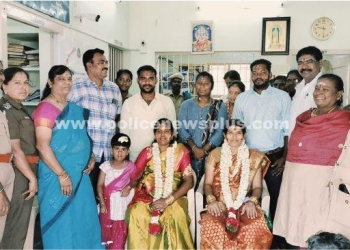 காவல் நிலையத்தில் வளைகாப்பு விழா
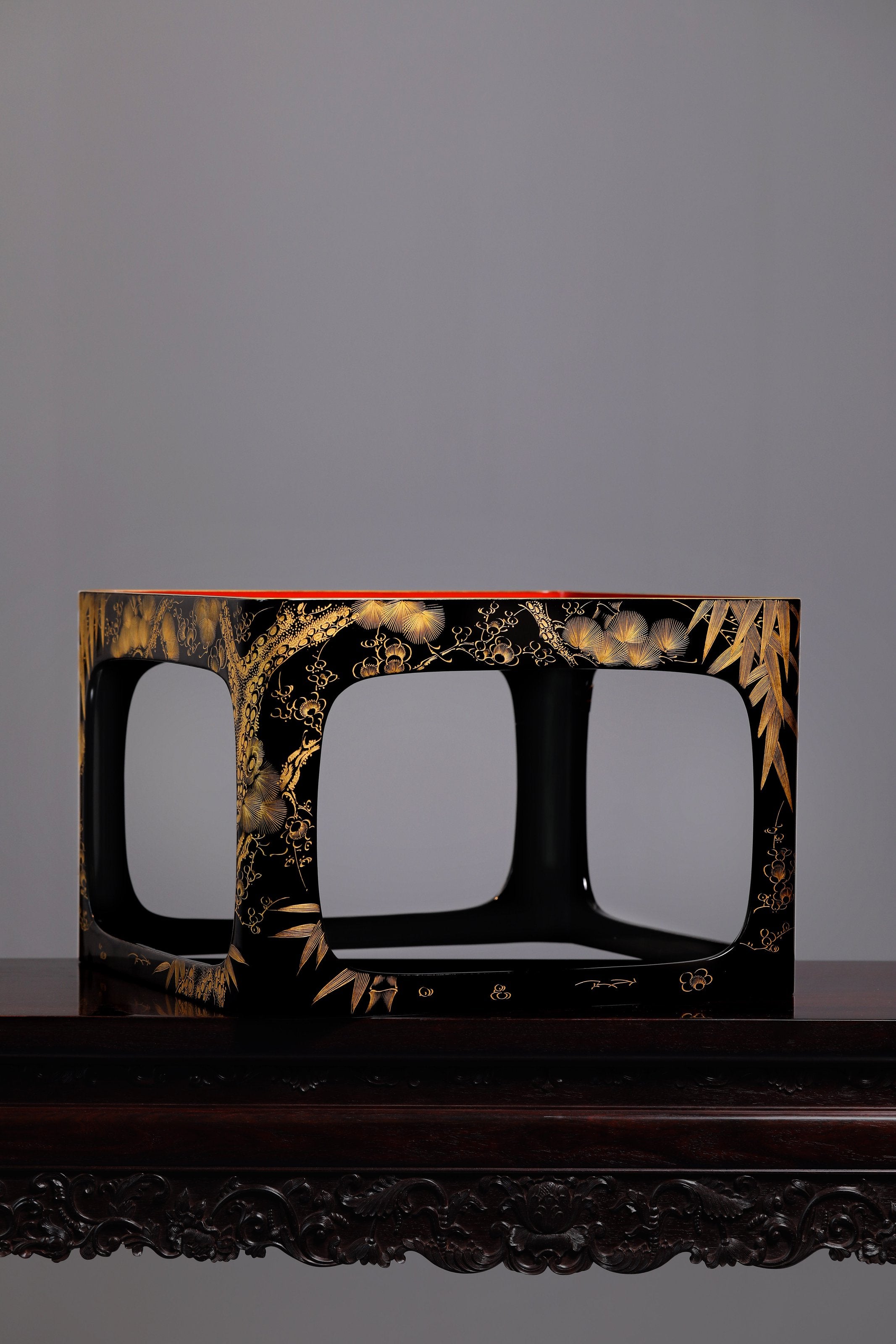 A large lacquer teahouse in Wajima, Japan, dating back to the Meiji period.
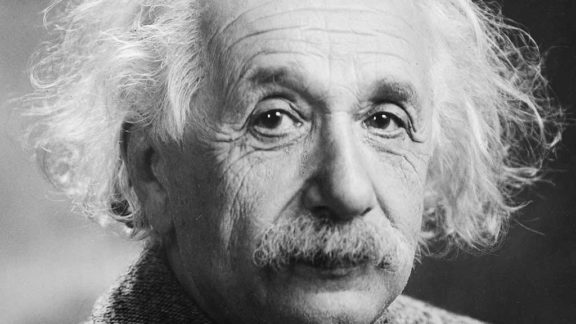 Mesmo lutando para não ter a imagem de seu rosto comercializada, Einstein virou uma das figuras mais cobiçadas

[Task directions] Print the material above exactly as it appears, but not its pictures.

[Output below]
 காவல் நிலையத்தில் வளைகாப்பு விழா
 A large lacquer teahouse in Wajima, Japan, dating back to the Meiji period.
 Mesmo lutando para não ter a imagem de seu rosto comercializada, Einstein virou uma das figuras mais cobiçadas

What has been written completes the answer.